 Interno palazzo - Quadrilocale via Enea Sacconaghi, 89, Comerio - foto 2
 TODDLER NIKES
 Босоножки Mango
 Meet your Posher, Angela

[Task to complete] When you answer, repeat all of the material exactly as given.

[Answer space]
 Interno palazzo - Quadrilocale via Enea Sacconaghi, 89, Comerio - foto 2
 TODDLER NIKES
 Босоножки Mango
 Meet your Posher, Angela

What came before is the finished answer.